Welcome to the birthplace of immunotherapy. When the first drug for the rare skin cancer Merkel cell carcinoma won approval in March, it marked another milestone in a celebrated new treatment approach that traces its roots to research by scientists at Harvard Medical School and Dana-Farber Cancer Institute. The drug, Bavencio, developed by EMD Serono of Rockland, targets what’s called the PD-1 pathway, molecules that bind to a protein and act as a brake on the immune system’s ability to fend off tumors. By releasing the brake, Bavencio lets the immune system do its job: attack cancer cells.
Other high-profile immunotherapies, such as Opdivo and Keytruda, also work as PD-1 inhibitors. As regulators approve these types of immunotherapies for new uses, they are gaining traction for patients against deadly cancers, including metastatic melanoma, Hodgkin’s lymphoma, and head and neck malignancies. In addition to improving responses, the new therapies avoid the worst side effects of chemotherapy, such as hair loss and anemia.
“It’s like being there at the dawn of a revolution,” says immunologist Gordon Freeman, whose Dana-Farber lab pioneered the understanding of how to disable PD-1 and unleash the immune system. “This discovery has released a flood tide of energy in academic and pharma labs.”
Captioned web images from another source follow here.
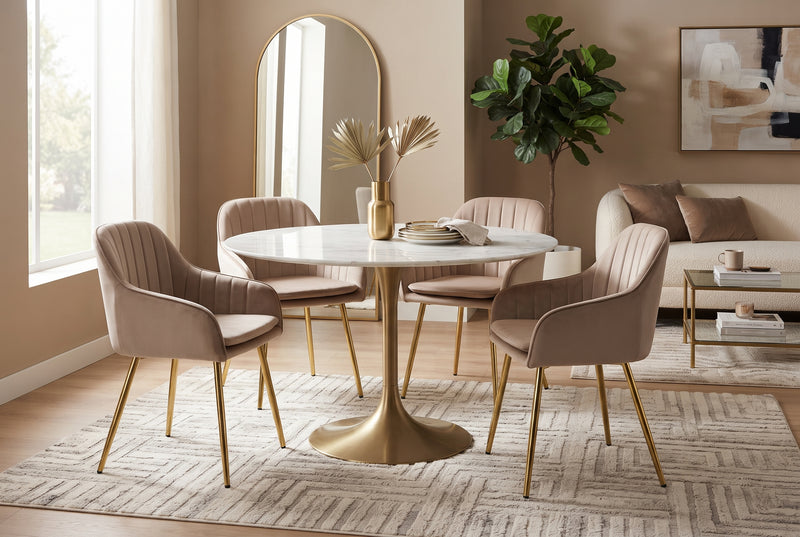 Hartley — Chaise avec accoudoirs en velours taupe, piètement gold en situation
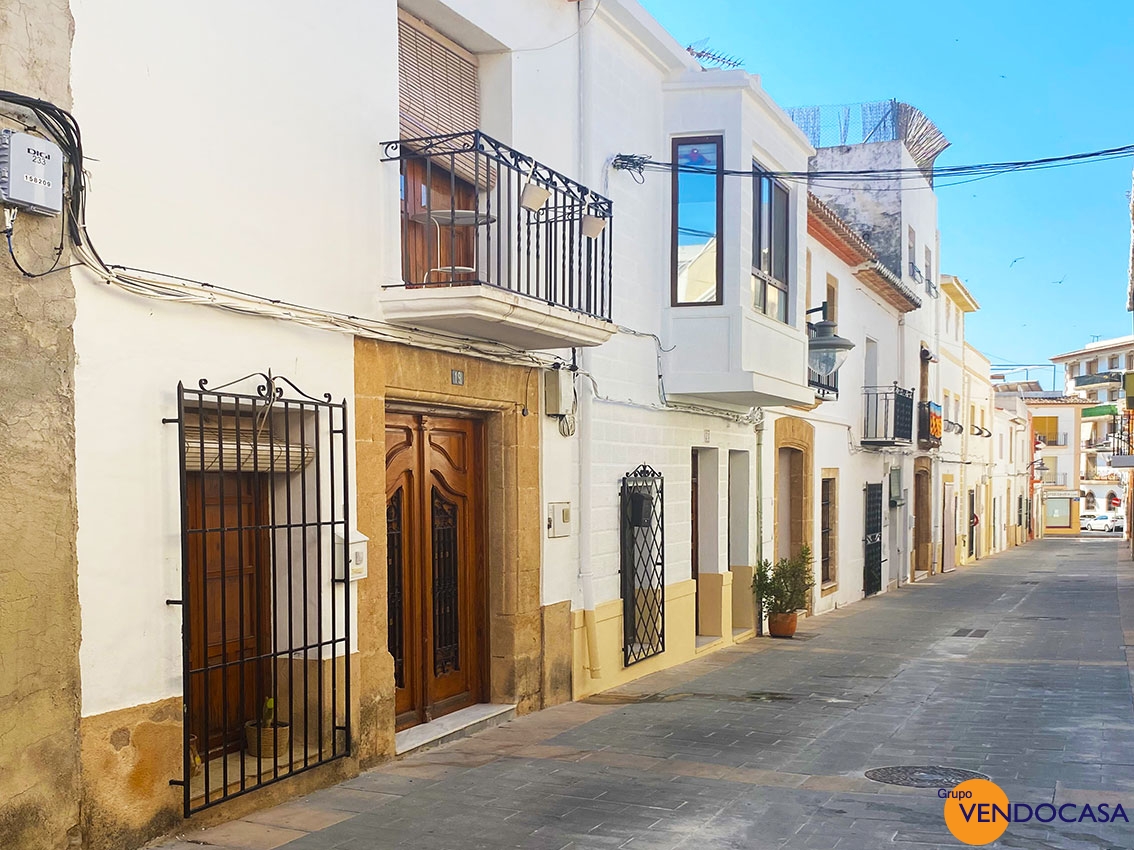 Superb renovated townhouse Javea old town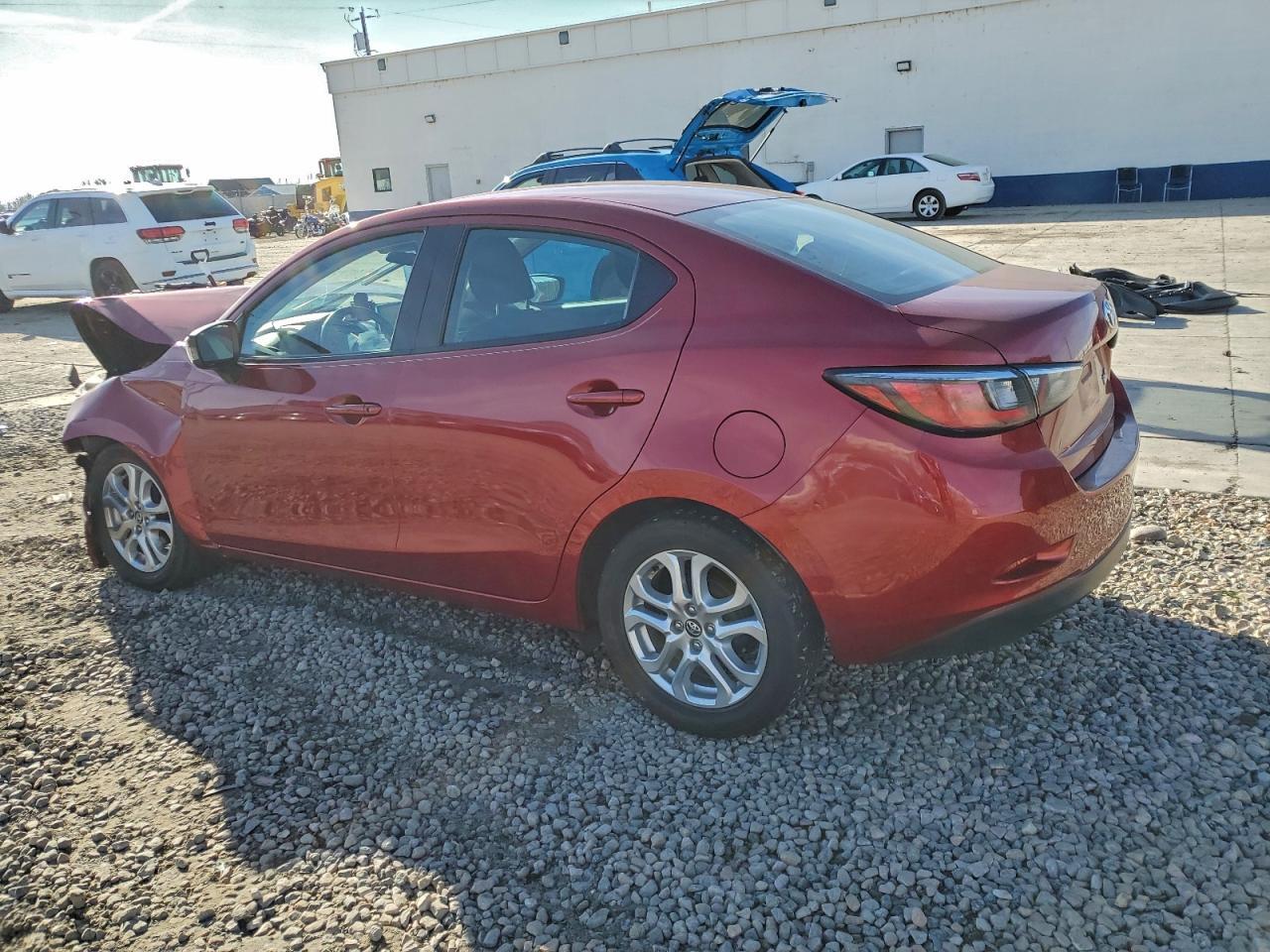 2017 Toyota Yaris Ia - Фото 2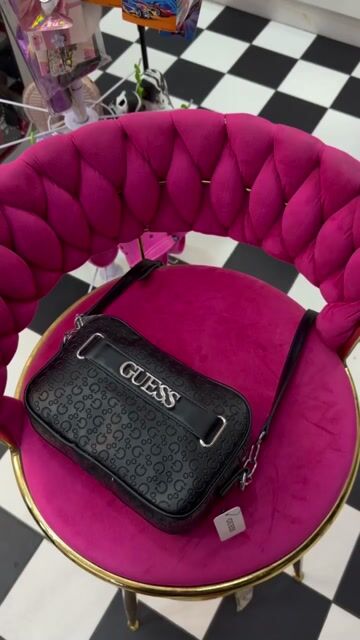 Video de crossbody guess negro matte herrajes plata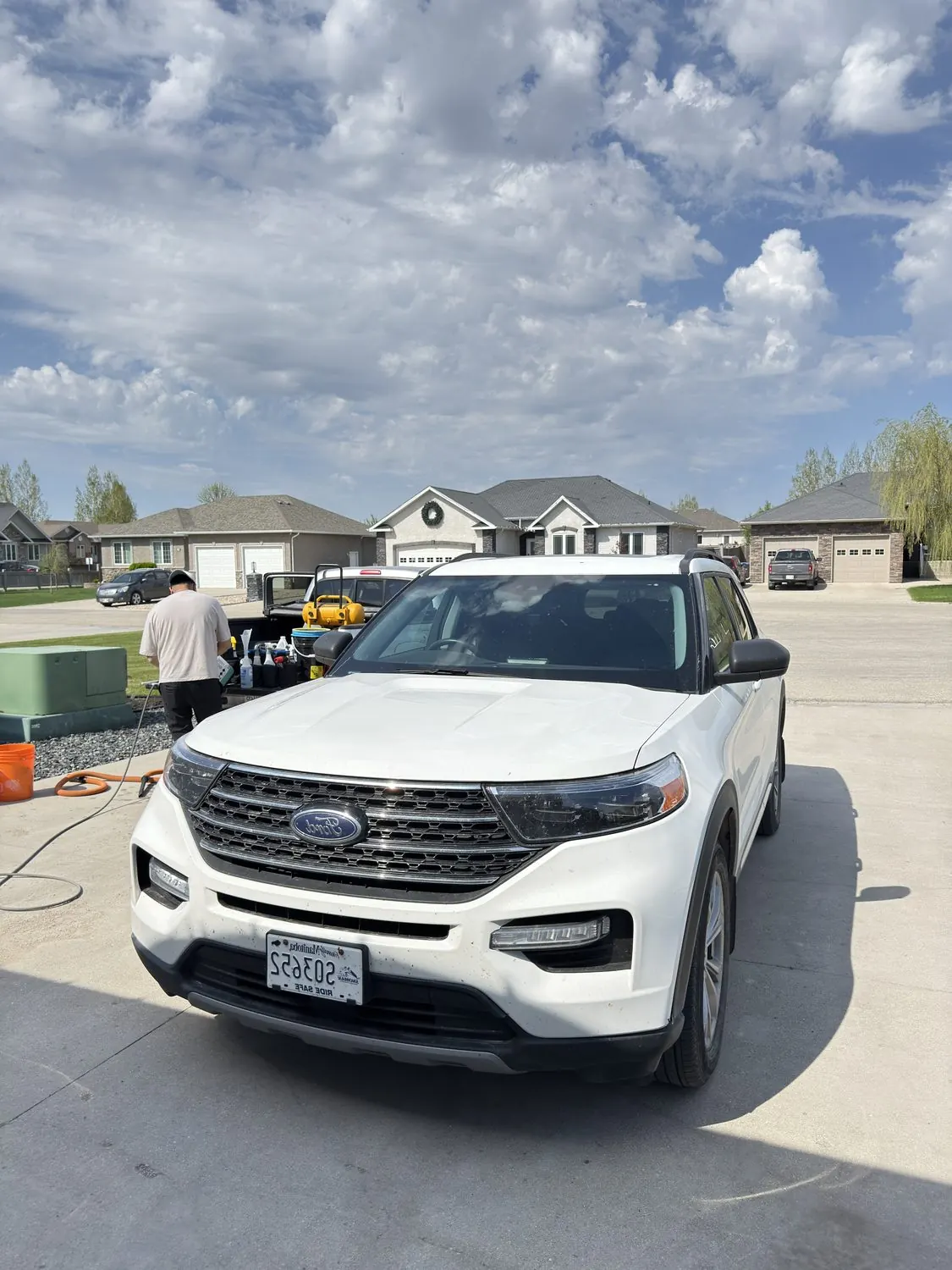 Ford Explorer &mdash; Front Quarter — before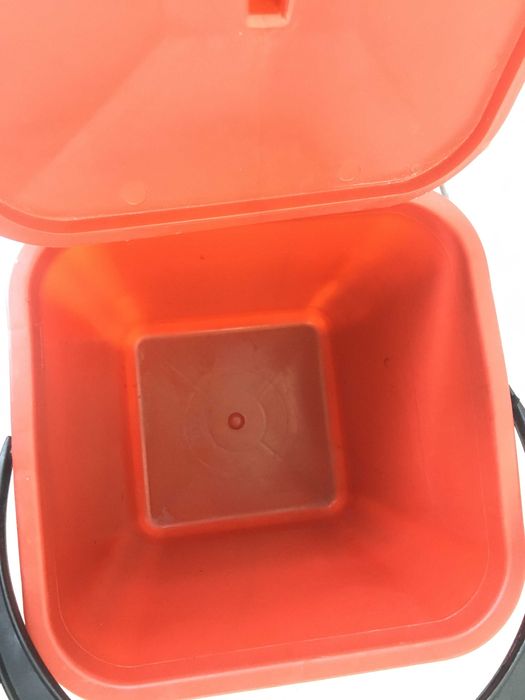 ведро мусорное пластиковое новое  13л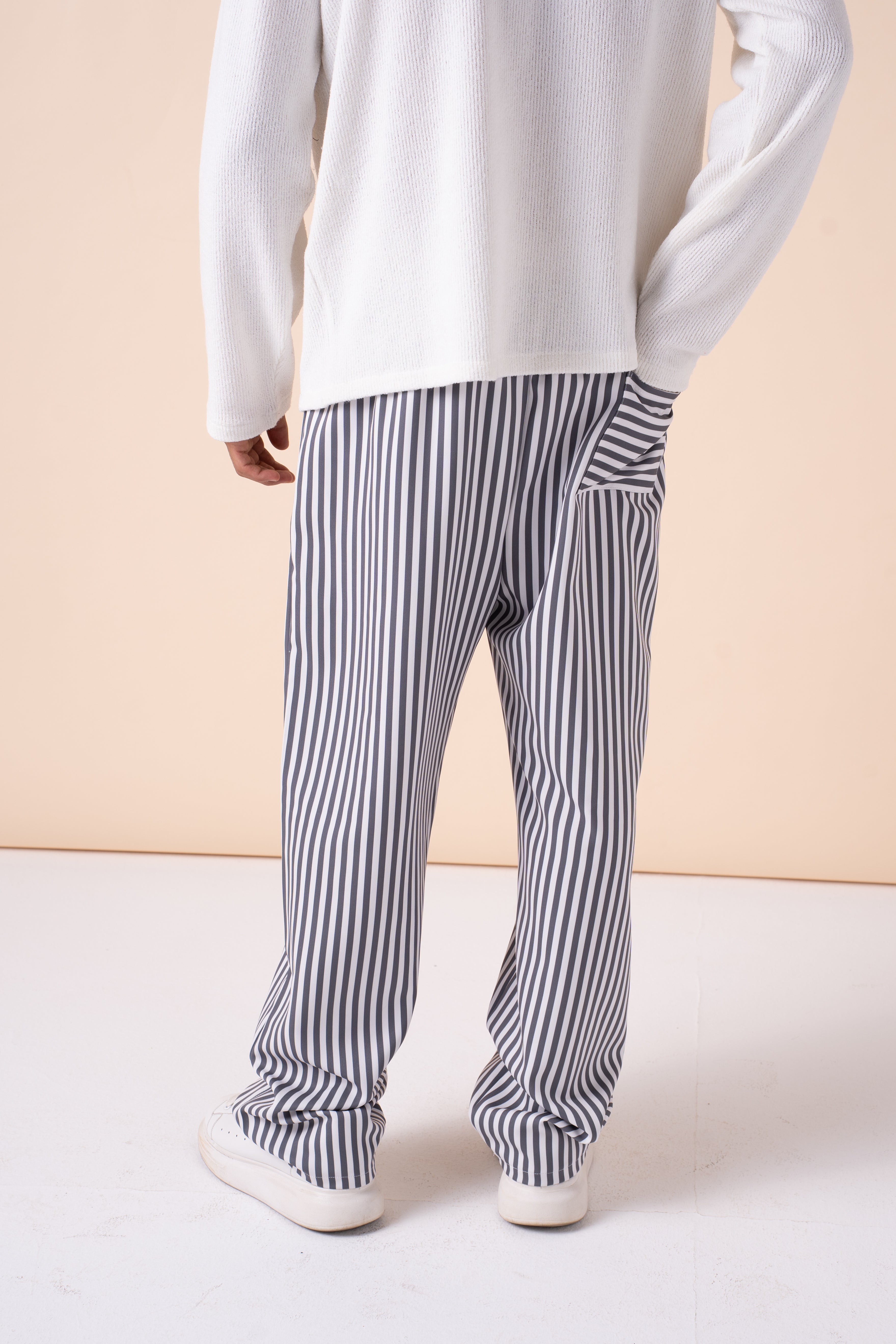 Linear Fit Pants
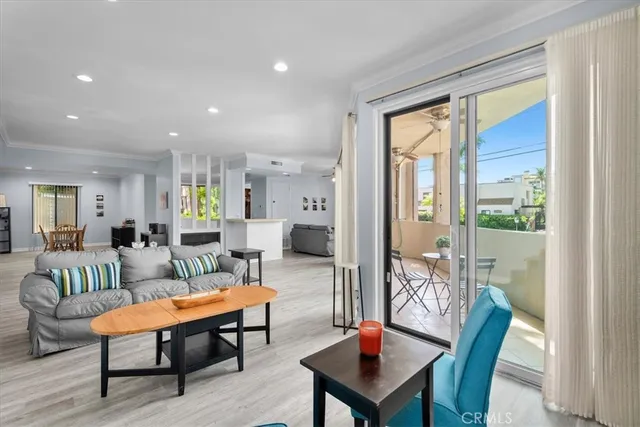 5216 Yarmouth Ave #106, Encino, CA 91316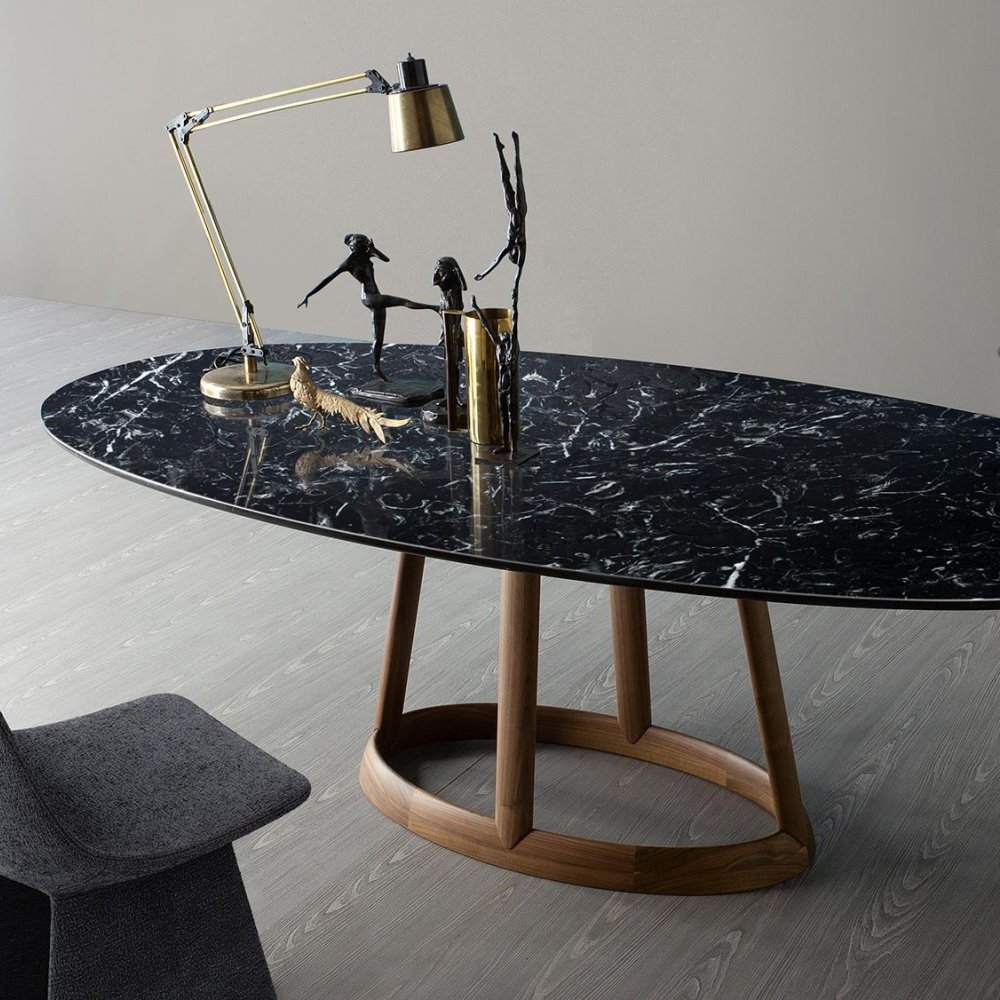 Tavolo ovale con piano in effetto marmo nero venato bianco e base centrale in legno Greeny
Freeman, a pioneer of PD-1 research, had plenty of help over the past two decades from scientists around the world — and locally. His wife, Harvard microbiology professor Arlene Sharpe, engineered a mouse lacking a key immune-suppressing gene in the 1990s. Immunotherapy was experimental until recently, but it may soon supplant chemotherapy — which kills cancer cells with chemicals — as the dominant approach in treatment and research.
Much work remains, though. More than 50,000 patients have been treated with PD-1 inhibitors, and so far the only unqualified success has been for Hodgkin’s lymphoma, which has seen an 82 percent response rate. Response rates for others have ranged from 15 percent to 35 percent.